For Tim Gardner, working closely with the client is a vital part of his QSI role. “I’d be struggling to do the full extent of the role if I wasn’t working with Peel Ports day-to-day. Being seconded here means that there’s a continuation of contact. You’re better able to keep your ear to the ground and understand a little more about what’s going on. If we were working remotely every conversation would require a meeting or an appointment. Here, I can just pop next door and have a chat and sort things out so much more quickly. It’s important that information flows more freely and that we can communicate more easily, because that leads to faster, more informed decisions.
“It also supports our business development, because I’m able to see new opportunities where we would be able to add value.”
QSI at Walker Sime
How else does Walker Sime’s QSI function differ from others? “We emphasise the connectedness of the way we work,” says Tim. “When a member of Walker Sime QSI is embedded in your business, you’re not just working with that person or team. They are very much connected to the entire organisation behind them. The information and expertise we hold, the services we offer, the directors behind us – they are very much part of the package we bring.”
“Not everyone has the ability to set up a major regeneration project up for a local authority,” says Mark. “That’s a skillset Dom brought with him. Emma brings similar qualities on the programme management side. Her ability to look at the constraints of construction, the delays that could cause and how we can best avoid them is an important element for us. And Tim is developing the role of the onsite QSI from one where we work under the direction of the client to one where we take the lead a little more – our clients are always looking for more from us, and we’re always looking for ways to deliver it.
“The personalities and relationships we build are an important differentiator too.
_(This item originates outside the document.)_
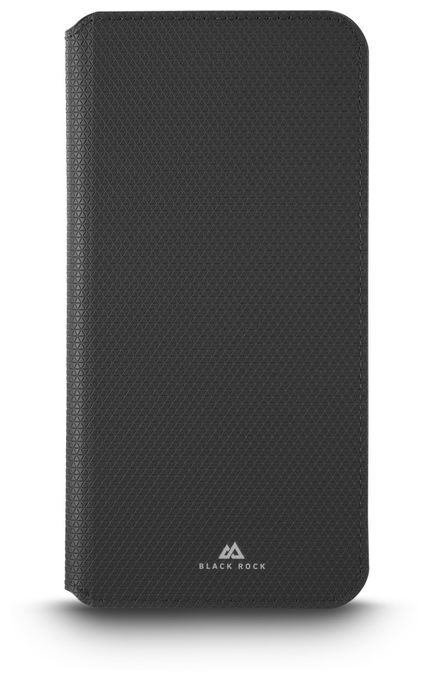 Folio für Samsung Galaxy A57 5G  080294 Slim Folio (Schwarz) 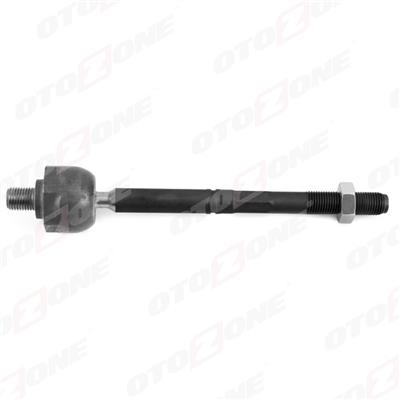 Opel Astra L (22>) Peugeot 308 (21>) Rot Mili 1675957480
Our big competitors tend to bring the big guns in on the proposal but if they win the tender you’ll find it’s a very different team actually delivering the job. We’re a smaller business. It’s just us. So if we win your project it’ll be the people you’re talking to now who’ll be responsible for it.”
How would Mark sum up QSI at Walker Sime?
“It’s understanding what the client wants – even when they’re not quite sure themselves. It’s listening. It’s guiding, scrutinising and enabling people and projects, and protecting against risk. It comes back to holding honest conversations that actively support the project and help deliver it. And adding value. It’s always about delivering value.”